Introduction to Regulation of Markets in Crypto Assets (MiCA)
Following public consultations on 24 September 2020 the European Commission (EC) adopted a digital finance package. Intended to develop a competitive EU financial sector, the package includes a digital finance strategy and a proposal for crypto asset regulation. Once implemented with EU member states, it will allow consumers access to innovative financial products and provides consumer protection and financial stability.
MiCA strives to harmonize the legal framework pertaining to crypto assets at the EU level. MiCA is to apply in the territory of all member states upon being adopted. MiCA establishes the legal framework and market for crypto assets. It defines crypto asset issuers as „legal persons offering any crypto asset to the public or seeking to sell them via any trading platform“. It then seeks to regulate both issuers and crypto asset service providers (both of whom are generally unregulated at the EU level). Going forward, any company wanting to provide crypto asset related services in the EU must be in compliance with MiCA. Interestingly, MiCA does not apply to blockchain or any other technology which enables crypto assets to function. Nor, for that matter, will it apply to crypto assets issued and regulated by states and their central banks or those having the characteristics of financial instruments, or e-money (save for e-money tokens which are separately regulated by MiCA).
In contrast with financial/investment service providers who enjoy an established legal framework for their EU operations, there is currently no single legal regulation at the EU level for crypto asset service providers seeking to do business within the single market. This absence, combined with the patchwork system of unilateral measures created by member states to cover the crypto assets market, has lead market participants and consumers to face legal uncertainty, inefficiency, and higher costs. There is also greater risk. The EU hopes MiCA will rectify this situation.

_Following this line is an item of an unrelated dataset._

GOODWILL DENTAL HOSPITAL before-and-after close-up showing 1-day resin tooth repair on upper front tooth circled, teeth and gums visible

MiCA has four objectives. The first objective is one of legal certainty. For crypto-asset markets to develop within the EU, there is a need for a sound legal framework, clearly defining the regulatory treatment of all crypto-assets that are not covered by existing financial services legislation. The second objective is to support innovation. To promote the development of crypto-assets and the wider use of DLT, it is necessary to put in place a safe and proportionate framework to support innovation and fair competition. The third objective is to instil appropriate levels of customer and investor protection and market integrity. The fourth objective is to ensure financial stability. While some have a quite limited scope and use, others, such as the emerging category od „stablecoins“, have the potential to become widely accepted and potentially systemic.

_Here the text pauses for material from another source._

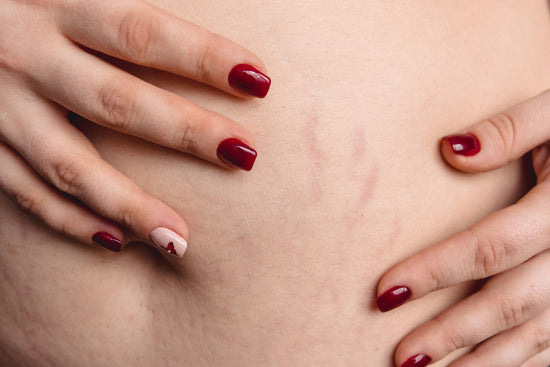 Are Stretch Marks Permanent?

The MiCA provides the following activities are subject to regulation:
- Crypto asset custody and administration on behalf of third parties;
- Crypto asset trading platform operation;
- Crypto asset exchange for legal tender;
- Crypto asset exchange for other crypto assets;
- Crypto asset order execution on behalf of third parties placing crypto assets;
- Crypto asset order reception and transmission on behalf of third parties; and
- Provision of crypto asset advice.
To obtain a license to provide crypto related services in the EU, a legal entity must have a registered seat in the EU. The legal entity may then submit a request to the competent authority of that EU member state. Upon satisfying all required conditions, the legal entity should receive a permit which may be passported throughout the EU.
The minimum founding capital for crypto asset service providers varies, depending on the type of service, is 50,000 euros, 125,000 euros and 150,000 euros.
Just as in the traditional financial industry where issuer are generally obliged to publish a prospectus, MiCA requires all crypto asset issuers to public a white paper before distributing respective crypto assets to public. The crypto-asset white paper shall be drawn up in a language accepted by the competent authority of the home Member State and, if offered in another Member State, either in a language accepted by the competent authorities of each host Member State notified or in a language customary in the sphere of international finance. The respective summary shall be drawn up in a language accept by the competent authority of the home Member State and in the languages accept by the competent authorities of each host Member State. It should include namely:
- Basic information about the issuer;
- The characteristics of the crypto property to be issued;
- The rights and obligations arising from the crypto assets; and
- The technology behind the project.
The white paper must be submitted to the competent authority at least 20 days before publication, and is not subject to approval. Once published on the issuer’s website, it can be marketed throughout the European Economic Area. The home member states will supervise domestic crypto asset issuers.
Consumers will have a period of 14 calendar days to, cost and condition free, withdraw from their agreement to purchase crypto assets. Finally, due to blockchain´s inherent complexity, lack of security and risk, crypto asset issuers must provide appropriate security measures to protect investors‘ funds.
The national authorities may impose fines of up to 5,000,000 euros or 3% of legal entities´ annual turnover, or 700,000 euros for natural persons. Interestingly, penalties provided by MiCA are separate from the sanctions provided for by the national laws of the member states, which remain in force.